The new packaged solution is being installed at the first two sites in the California Bay Area in early 2024, both of which will be monitored and evaluated for this study. Two new construction, multifamily buildings in San Francisco have already been selected and product production is underway. Currently, no M&V, performance assessment, or load shifting testing is planned or funded. The proposed study will add these important research features to the planned project, leveraging the planned installation for emerging technology research purposes. Monitoring instrumentation will be installed at the product level (at the HPWH rather than at residences or end-uses) at all relevant points including input power, ambient conditions, and hot/return/make-up water temperatures and flows. This M&V will allow for assessment of the system performance, load patterns, energy usage, and other key features necessary for informing market actors and programmatic design. All M&V data used in the analysis will be after HPWH commissioning and current project timelines suggest that commissioning will be completed before M&V instrumentation installation.

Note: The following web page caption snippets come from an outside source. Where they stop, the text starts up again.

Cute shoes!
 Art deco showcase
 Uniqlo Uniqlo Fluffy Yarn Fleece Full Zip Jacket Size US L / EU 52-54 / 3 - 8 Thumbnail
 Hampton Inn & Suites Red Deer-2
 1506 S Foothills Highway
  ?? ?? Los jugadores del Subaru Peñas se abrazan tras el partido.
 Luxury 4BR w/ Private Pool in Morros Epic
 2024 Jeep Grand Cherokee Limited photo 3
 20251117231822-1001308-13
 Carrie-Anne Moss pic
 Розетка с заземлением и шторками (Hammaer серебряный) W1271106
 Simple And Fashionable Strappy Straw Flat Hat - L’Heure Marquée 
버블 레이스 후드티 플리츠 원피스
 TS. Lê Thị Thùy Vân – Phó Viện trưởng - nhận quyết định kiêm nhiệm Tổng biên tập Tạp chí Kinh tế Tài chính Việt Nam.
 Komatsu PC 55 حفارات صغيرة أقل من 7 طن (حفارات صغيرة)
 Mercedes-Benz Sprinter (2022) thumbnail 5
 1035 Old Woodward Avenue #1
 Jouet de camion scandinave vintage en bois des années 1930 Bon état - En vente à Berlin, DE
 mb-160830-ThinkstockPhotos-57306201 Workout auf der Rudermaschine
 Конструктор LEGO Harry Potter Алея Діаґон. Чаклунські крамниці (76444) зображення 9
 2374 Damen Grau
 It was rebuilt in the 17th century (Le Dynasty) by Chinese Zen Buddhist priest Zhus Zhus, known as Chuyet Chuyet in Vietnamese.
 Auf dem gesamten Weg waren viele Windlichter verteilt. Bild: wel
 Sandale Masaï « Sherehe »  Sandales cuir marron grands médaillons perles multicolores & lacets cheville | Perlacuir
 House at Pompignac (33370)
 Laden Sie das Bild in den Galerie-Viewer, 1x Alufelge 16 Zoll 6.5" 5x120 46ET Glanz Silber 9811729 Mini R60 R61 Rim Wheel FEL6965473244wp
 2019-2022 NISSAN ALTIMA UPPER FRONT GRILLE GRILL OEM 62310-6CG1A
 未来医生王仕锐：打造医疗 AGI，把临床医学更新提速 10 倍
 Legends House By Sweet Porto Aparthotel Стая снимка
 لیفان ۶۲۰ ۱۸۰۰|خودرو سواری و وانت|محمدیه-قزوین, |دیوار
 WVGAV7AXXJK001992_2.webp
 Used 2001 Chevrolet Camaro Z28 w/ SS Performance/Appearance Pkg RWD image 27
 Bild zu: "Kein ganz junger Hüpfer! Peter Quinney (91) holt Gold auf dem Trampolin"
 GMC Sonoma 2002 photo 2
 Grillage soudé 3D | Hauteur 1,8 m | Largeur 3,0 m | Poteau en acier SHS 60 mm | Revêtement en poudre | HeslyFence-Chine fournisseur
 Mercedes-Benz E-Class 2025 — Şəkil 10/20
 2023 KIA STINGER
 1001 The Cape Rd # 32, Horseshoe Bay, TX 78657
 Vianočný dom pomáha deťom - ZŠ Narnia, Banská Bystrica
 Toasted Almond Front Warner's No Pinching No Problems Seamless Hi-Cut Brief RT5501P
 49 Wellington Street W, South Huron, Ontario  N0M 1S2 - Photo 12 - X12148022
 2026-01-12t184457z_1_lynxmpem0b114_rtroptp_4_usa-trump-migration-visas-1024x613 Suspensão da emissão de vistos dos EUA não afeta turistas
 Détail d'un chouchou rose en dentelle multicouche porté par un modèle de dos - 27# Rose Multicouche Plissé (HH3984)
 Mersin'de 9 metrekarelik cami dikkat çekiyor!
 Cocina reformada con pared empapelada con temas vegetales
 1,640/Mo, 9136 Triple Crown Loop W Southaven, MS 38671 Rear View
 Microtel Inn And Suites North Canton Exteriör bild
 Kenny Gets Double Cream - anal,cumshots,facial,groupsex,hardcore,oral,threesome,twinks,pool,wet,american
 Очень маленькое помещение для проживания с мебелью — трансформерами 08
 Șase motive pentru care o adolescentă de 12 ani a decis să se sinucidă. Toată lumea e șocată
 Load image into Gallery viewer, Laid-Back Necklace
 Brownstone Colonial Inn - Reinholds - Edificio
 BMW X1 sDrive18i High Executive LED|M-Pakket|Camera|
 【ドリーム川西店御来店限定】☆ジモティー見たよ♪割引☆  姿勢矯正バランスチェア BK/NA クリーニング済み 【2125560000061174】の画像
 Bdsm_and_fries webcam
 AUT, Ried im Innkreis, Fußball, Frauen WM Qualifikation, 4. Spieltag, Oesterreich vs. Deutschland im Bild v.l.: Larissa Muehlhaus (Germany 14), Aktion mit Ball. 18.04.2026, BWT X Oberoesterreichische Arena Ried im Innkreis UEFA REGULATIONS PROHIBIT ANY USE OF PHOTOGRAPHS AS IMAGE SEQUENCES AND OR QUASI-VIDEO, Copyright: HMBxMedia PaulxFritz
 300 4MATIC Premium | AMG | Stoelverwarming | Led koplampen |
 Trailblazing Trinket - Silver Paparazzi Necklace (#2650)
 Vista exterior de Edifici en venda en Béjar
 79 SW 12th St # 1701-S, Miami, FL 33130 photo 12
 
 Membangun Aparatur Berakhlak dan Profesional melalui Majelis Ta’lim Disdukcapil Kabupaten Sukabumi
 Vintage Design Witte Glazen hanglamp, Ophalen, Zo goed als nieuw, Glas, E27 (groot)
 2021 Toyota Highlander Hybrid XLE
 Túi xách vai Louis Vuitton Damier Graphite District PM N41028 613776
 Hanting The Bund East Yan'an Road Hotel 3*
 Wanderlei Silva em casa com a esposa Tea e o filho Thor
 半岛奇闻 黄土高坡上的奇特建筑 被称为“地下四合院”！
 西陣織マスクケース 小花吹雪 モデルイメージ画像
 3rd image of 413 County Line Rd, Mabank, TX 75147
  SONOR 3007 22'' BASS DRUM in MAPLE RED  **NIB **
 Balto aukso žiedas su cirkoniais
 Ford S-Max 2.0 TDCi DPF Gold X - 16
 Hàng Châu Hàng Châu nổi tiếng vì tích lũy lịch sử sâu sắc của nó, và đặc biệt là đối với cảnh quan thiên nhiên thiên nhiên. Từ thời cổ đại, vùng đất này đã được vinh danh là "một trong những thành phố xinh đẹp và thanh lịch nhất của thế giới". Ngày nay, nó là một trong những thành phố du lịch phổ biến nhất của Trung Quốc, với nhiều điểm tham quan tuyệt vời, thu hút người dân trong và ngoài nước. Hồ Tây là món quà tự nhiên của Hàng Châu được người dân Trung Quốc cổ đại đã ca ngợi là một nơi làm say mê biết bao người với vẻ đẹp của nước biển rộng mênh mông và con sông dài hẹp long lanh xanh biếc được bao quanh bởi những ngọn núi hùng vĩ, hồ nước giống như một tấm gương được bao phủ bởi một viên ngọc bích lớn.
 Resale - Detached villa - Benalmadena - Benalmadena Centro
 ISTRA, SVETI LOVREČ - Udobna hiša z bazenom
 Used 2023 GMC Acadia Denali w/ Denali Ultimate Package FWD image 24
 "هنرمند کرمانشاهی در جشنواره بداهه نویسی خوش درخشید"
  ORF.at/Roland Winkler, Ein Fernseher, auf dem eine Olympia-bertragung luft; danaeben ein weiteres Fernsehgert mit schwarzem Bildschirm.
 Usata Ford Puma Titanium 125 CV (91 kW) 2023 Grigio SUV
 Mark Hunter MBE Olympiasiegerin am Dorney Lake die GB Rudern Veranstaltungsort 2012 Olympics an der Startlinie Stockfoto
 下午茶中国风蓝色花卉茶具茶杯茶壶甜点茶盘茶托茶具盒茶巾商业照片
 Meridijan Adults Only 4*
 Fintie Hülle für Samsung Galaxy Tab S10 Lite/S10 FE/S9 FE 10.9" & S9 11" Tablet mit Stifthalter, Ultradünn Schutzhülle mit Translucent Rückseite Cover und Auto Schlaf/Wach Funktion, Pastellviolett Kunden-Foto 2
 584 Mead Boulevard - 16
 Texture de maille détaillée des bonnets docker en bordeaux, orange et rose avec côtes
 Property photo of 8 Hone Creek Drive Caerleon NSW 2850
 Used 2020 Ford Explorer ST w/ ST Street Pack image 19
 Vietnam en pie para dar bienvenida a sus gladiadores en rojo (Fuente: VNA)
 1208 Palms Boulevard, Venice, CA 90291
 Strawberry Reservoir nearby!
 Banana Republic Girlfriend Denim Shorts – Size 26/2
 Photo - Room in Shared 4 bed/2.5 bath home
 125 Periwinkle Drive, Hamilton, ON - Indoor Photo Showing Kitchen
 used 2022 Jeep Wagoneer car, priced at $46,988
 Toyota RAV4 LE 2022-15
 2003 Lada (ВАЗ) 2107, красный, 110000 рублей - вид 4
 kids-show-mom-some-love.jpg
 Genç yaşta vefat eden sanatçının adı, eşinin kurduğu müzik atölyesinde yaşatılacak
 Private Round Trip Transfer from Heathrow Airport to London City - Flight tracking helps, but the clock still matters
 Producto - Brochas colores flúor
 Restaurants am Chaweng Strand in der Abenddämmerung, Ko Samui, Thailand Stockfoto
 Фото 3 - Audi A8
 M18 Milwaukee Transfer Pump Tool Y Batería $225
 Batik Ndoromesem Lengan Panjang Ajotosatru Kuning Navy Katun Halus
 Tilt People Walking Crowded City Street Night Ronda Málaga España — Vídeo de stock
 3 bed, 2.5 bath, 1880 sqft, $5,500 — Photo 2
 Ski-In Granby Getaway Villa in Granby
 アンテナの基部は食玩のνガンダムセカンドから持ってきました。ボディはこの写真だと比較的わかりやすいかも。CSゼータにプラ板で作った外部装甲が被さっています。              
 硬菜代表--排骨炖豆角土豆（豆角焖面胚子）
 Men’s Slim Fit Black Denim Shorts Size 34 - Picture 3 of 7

Since this is a new construction project, baseline energy usage will be calculated based on the observed load profiles and assumed code or representative baseline alterative (most likely central gas-fired). All project costs, including necessary electric service and panel upgrades, will be documented for evaluation of cost-effectiveness. Load shifting controls and abilities will also be tested either via manual tests or with load shift signals from the local utility. Whole building energy and demand will also be collected from utility metering to provide context to load shift capabilities and magnitudes. Monitoring data will be collected at intervals of 15-minutes or less and analyzed at the smallest interval necessary for accurate regression and energy cost analyses. Results will be presented for both raw, small intervals and consolidated at larger intervals for ease of visualization.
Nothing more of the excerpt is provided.